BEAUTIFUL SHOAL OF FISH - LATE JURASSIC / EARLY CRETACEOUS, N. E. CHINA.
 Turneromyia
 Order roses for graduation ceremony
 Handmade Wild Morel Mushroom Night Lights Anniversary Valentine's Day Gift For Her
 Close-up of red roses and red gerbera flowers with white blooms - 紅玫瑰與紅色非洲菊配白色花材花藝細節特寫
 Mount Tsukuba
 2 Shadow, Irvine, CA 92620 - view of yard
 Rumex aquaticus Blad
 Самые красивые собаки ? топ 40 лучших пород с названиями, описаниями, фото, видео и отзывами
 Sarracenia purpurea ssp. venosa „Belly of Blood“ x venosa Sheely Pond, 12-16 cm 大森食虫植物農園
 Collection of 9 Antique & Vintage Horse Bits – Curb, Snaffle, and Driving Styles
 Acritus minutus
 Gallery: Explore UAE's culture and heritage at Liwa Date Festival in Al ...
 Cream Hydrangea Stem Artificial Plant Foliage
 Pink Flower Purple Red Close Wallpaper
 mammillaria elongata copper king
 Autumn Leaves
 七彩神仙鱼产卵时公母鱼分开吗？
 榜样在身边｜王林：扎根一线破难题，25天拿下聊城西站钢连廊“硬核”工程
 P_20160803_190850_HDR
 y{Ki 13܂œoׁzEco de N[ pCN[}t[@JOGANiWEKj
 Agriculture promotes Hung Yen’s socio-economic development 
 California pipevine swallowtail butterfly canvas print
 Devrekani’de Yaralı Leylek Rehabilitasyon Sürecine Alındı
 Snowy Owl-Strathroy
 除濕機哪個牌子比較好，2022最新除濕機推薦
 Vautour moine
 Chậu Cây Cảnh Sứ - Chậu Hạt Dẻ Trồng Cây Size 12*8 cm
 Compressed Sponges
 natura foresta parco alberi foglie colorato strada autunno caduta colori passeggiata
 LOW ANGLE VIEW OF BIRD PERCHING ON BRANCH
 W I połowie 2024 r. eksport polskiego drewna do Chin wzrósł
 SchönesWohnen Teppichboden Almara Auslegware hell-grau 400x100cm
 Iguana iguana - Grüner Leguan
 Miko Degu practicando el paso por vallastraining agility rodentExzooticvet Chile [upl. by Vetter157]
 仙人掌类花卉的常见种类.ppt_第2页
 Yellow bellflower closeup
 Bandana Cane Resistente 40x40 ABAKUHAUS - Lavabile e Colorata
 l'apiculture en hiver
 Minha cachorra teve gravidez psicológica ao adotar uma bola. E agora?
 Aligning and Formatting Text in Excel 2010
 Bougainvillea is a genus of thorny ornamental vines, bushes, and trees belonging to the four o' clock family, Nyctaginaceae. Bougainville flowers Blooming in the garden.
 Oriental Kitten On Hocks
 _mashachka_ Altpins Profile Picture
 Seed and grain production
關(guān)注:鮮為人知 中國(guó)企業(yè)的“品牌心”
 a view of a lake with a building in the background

WHAT THIS TASK INVOLVES
Only one stretch of the entries above is wanted: the lines from the one containing "七彩神仙鱼产卵时公母鱼分开吗？" through the one containing "Oriental Kitten On Hocks". Please reproduce it exactly.

THE COMPLETED TASK
 七彩神仙鱼产卵时公母鱼分开吗？
 榜样在身边｜王林：扎根一线破难题，25天拿下聊城西站钢连廊“硬核”工程
 P_20160803_190850_HDR
 y{Ki 13܂œoׁzEco de N[ pCN[}t[@JOGANiWEKj
 Agriculture promotes Hung Yen’s socio-economic development 
 California pipevine swallowtail butterfly canvas print
 Devrekani’de Yaralı Leylek Rehabilitasyon Sürecine Alındı
 Snowy Owl-Strathroy
 除濕機哪個牌子比較好，2022最新除濕機推薦
 Vautour moine
 Chậu Cây Cảnh Sứ - Chậu Hạt Dẻ Trồng Cây Size 12*8 cm
 Compressed Sponges
 natura foresta parco alberi foglie colorato strada autunno caduta colori passeggiata
 LOW ANGLE VIEW OF BIRD PERCHING ON BRANCH
 W I połowie 2024 r. eksport polskiego drewna do Chin wzrósł
 SchönesWohnen Teppichboden Almara Auslegware hell-grau 400x100cm
 Iguana iguana - Grüner Leguan
 Miko Degu practicando el paso por vallastraining agility rodentExzooticvet Chile [upl. by Vetter157]
 仙人掌类花卉的常见种类.ppt_第2页
 Yellow bellflower closeup
 Bandana Cane Resistente 40x40 ABAKUHAUS - Lavabile e Colorata
 l'apiculture en hiver
 Minha cachorra teve gravidez psicológica ao adotar uma bola. E agora?
 Aligning and Formatting Text in Excel 2010
 Bougainvillea is a genus of thorny ornamental vines, bushes, and trees belonging to the four o' clock family, Nyctaginaceae. Bougainville flowers Blooming in the garden.
 Oriental Kitten On Hocks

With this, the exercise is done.